9 December 2013 | No comments yet
As you may have heard, TGWTG has a prolific fandom. So what’s it like to go from writing fanfiction about a guy, to actually dating him? And what do other fans think? Find out that and more in my interview with her:
Otaku Journalist: Tell me about your involvement in TGWTG fandom, specifically, Linkara fandom.
Viga: I got into the site in 2009 when they released the crossover special TGWTG Team Brawl. I found it while looking for Super Smash Bros. parodies. Because it was an anniversary special, it had a lot of people on the site. Through that, I tried Nostalgia Critic, Nostalgia Chick, and then Atop the Fourth Wall.
I always loved comics, so Lewis’ aka Linkara’s show became my favorite on the site. He makes fun of bad comics along with good insight and strange storylines. It was the second fandom that made me start making fanart again.

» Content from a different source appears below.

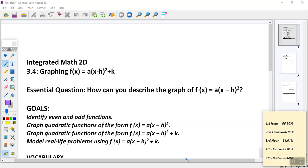We're going to continue talking about our quadratics that we've been working with today. We're going to start looking at a new form. In section 3.4, it's titled graphing f(x) equals — does this a-value out front look familiar to you guys? We've had an a out front all the time, haven't we?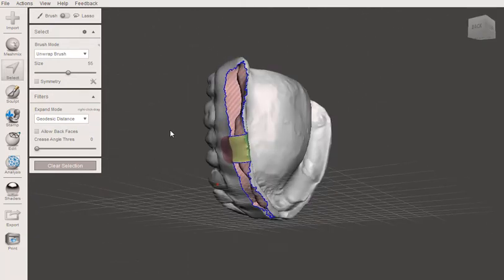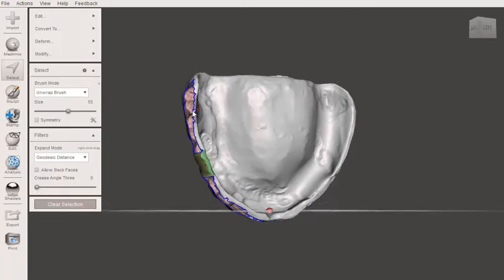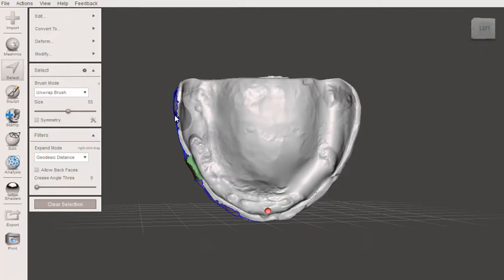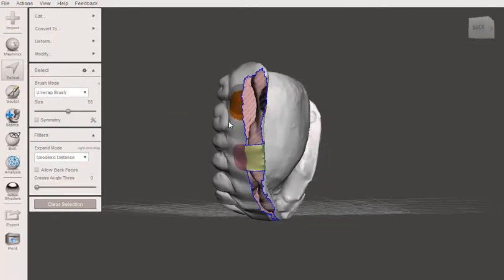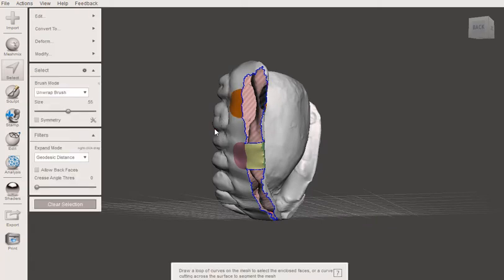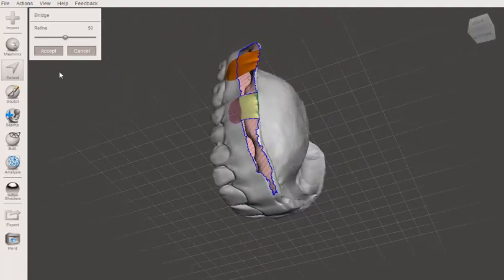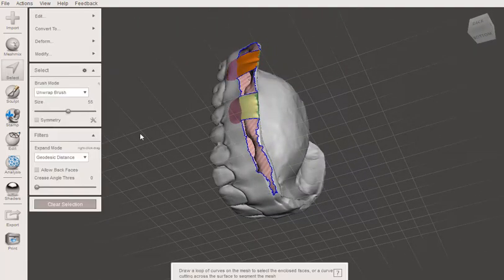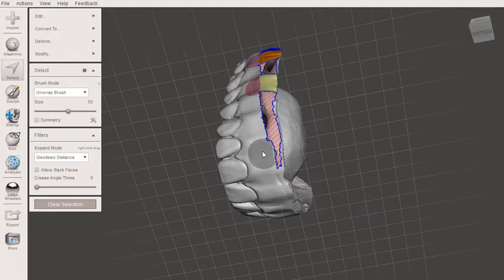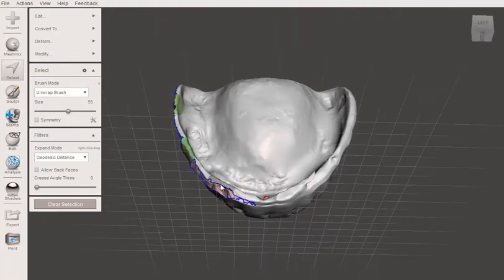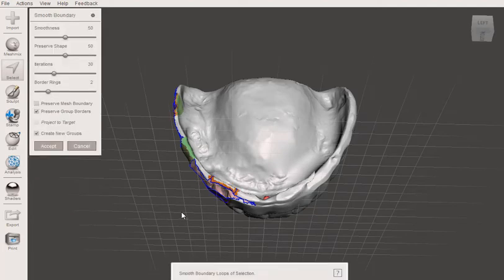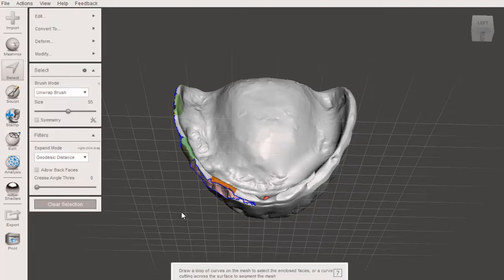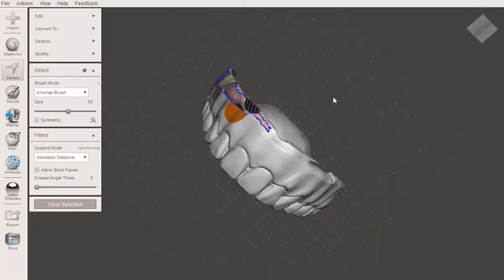So I'm going to do that again. Control B, bridge. Looks good. I won't need to do the soft transform. B, enter, control B.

In the TGWTG fandom in general, I make the occasional fanart and interact with other fans on Tumblr. But it was AT4W that gave me that push towards this. His characters and storylines struck inspiration at times.
Tell me about how the two of you met and began dating.
By being strangely straightforward and knowing a good burger place.
During the summer I was in Chicago to go to a school interview and since a friend had a room at a con, I stayed with them. I figured, hey, a weekend at a con and then getting to business on Monday. Why not! Linkara was a guest at that con.
I was in line to get his DVD and autograph with friends and I just whispered “I’d like to take you out for a burger. I like you.” He said yes and we hung out the rest of the con. We hit it off well, so we’ve been together since.
What has been the most interesting part of your transition from fan to girlfriend?
I am a fan! *punch*
I’m not just making a reference to his catchphrase, I am still a big fan. I joke to him that I’m his fangirlfriend. Before and after we got together I drew fanart, wrote a fanfic, read his fan tumblr, and watched each episode when it comes out. I also did a cosplay once, but I’m too bashful for him to see me in it.
The only thing that is different is that I know some upcoming AT4W stuff. Not a whole lot, but now I get the excitement of seeing other fans reactions.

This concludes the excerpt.